**ASSIGNED TASK**
Beginning with the line where "Martin Boots High-Top Platform Black" appears, repeat every remaining line of the entries exactly, the last line included.

━━ DATA PROVIDED ━━

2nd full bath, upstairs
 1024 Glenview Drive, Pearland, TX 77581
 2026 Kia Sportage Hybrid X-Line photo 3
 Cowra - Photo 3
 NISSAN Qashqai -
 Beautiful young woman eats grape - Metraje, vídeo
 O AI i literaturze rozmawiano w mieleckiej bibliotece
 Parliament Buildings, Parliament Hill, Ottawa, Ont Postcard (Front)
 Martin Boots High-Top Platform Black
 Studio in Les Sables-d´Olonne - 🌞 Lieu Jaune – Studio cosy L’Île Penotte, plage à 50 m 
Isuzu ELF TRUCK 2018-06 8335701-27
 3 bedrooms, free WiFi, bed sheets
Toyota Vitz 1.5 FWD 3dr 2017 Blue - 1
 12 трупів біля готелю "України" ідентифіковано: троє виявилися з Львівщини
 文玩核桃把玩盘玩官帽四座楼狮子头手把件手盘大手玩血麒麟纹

━━━

**ANSWER SPACE**
 Martin Boots High-Top Platform Black
 Studio in Les Sables-d´Olonne - 🌞 Lieu Jaune – Studio cosy L’Île Penotte, plage à 50 m 
Isuzu ELF TRUCK 2018-06 8335701-27
 3 bedrooms, free WiFi, bed sheets
Toyota Vitz 1.5 FWD 3dr 2017 Blue - 1
 12 трупів біля готелю "України" ідентифіковано: троє виявилися з Львівщини
 文玩核桃把玩盘玩官帽四座楼狮子头手把件手盘大手玩血麒麟纹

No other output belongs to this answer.